Caroline Moorehead

The forgotten world of female espionage

Many thousands of women acted as messengers, radio operators and double agents behind enemy lines in both world wars. Here, these resilient and resolute pioneers are retrieved from the mists of history

Eileen Nearne, a member of SOE, served as a radio operator in Occupied France. [Getty Images] 
issue 09 September 2023

When the Germans occupied northern Italy in the autumn of 1943, they were pleased with the way that young Italian women, pedalling on bicycles around the country lanes in white socks and pigtails, smiled at them. The soldiers offered to help with their loaded baskets and gave them lifts in lorries. It took some months before they discovered that these smiling girls, known as staffette, were working as couriers, spies and carriers of weapons for the Resistance, then busy forming in the foothills of the Alps. When they realised their mistake, their reaction was often brutal.

If caught, the women knew they would fare no better than the men. Prison and execution awaited them

This same temporary impunity held for the many thousands of Allied women who acted as messengers, radio operators and double agents behind enemy lines in both world wars. Helen Fry emphasises that the enemy was often slow to identify resisters in the many guises in which female Allied agents showed themselves. But, whether as nuns or farmers, shopkeepers or chatelaines of historic houses, women did indeed contribute impressively to the ‘tradecraft of espionage’.

The purpose behind the book is clear.

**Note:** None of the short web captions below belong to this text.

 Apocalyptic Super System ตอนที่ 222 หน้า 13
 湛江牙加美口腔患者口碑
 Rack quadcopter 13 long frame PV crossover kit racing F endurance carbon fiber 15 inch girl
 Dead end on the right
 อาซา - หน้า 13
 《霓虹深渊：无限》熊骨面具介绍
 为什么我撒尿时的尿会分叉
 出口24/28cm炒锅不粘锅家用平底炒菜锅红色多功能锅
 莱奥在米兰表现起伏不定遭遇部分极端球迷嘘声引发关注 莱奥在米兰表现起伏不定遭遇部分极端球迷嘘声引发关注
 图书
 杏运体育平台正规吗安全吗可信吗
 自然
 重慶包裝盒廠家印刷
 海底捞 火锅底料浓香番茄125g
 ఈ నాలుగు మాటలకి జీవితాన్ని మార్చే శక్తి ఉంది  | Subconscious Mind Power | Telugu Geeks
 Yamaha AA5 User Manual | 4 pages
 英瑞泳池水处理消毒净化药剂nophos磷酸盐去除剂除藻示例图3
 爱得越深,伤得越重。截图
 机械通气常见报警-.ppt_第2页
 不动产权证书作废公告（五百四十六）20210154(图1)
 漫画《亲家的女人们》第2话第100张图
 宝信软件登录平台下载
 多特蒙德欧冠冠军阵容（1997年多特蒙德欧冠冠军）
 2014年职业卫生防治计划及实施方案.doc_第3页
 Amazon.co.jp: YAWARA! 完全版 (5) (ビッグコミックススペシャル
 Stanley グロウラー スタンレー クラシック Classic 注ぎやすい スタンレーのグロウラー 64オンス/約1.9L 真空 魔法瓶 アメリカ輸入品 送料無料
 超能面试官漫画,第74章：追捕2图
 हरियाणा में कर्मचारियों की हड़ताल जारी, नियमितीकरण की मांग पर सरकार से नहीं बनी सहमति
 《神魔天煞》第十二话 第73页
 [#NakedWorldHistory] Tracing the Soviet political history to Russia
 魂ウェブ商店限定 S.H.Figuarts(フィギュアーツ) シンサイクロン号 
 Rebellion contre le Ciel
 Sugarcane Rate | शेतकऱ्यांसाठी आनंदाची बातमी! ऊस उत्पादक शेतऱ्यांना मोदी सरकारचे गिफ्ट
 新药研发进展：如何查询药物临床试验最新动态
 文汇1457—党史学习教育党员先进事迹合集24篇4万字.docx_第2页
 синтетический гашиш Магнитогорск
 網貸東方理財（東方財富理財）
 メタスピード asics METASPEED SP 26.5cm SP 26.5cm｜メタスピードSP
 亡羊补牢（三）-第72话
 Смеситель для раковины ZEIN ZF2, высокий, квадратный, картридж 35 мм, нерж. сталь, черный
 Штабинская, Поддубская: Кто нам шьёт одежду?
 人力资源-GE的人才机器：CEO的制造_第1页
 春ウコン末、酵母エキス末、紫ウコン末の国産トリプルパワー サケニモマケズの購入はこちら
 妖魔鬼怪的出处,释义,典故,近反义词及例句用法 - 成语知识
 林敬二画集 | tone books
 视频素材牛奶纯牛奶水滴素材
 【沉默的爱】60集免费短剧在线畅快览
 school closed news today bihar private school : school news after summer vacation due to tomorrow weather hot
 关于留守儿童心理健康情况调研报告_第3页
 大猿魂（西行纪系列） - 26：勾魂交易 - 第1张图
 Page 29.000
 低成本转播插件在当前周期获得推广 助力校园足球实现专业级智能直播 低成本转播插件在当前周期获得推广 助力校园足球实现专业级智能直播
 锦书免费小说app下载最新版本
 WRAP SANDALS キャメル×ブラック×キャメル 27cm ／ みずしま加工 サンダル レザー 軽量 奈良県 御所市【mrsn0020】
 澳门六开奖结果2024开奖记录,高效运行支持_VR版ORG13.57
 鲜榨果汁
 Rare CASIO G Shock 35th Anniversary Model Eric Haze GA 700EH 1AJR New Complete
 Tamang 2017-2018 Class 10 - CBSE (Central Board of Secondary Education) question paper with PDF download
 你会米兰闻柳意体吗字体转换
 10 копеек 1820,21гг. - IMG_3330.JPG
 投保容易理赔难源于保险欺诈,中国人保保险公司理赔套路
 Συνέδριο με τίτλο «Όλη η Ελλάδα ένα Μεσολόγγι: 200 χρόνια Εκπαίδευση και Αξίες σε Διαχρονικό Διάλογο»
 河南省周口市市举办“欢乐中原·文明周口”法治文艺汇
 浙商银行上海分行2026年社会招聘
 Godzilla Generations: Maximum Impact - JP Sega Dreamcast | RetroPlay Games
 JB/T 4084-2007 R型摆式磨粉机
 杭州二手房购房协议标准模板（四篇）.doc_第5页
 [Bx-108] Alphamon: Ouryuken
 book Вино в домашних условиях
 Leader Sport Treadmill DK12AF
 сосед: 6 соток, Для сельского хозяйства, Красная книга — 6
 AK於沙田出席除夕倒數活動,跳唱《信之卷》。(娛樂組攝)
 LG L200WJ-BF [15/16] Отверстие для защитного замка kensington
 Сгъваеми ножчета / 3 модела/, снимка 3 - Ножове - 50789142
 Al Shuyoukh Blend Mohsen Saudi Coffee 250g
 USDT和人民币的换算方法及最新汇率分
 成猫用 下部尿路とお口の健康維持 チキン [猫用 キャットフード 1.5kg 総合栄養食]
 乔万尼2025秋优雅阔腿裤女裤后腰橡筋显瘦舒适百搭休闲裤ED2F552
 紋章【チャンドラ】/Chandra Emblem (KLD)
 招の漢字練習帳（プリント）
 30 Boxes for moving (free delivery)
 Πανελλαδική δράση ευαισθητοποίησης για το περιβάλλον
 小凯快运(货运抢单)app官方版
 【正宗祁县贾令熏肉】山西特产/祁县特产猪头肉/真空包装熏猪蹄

The role of women in intelligence, both in London offices and in the field, has long been neglected, at least in part because so many files have been classified, and by no means all are open. And the women themselves, having signed the Official Secrets Act, have remained silent, even with their families. Fry, who has spent many years delving into the shadowy world of military and Secret Service archives, with books on spymasters, decoders and the Special Branch, sets out to bring light to this forgotten world.

Though Queen Elizabeth I is credited with setting up her own secret service, using codes and cyphers both within England and across the Continent, it was not until 1919 that a Secret Service Bureau was officially established in London to investigate the suspicion that German spies were seeking to undermine British life.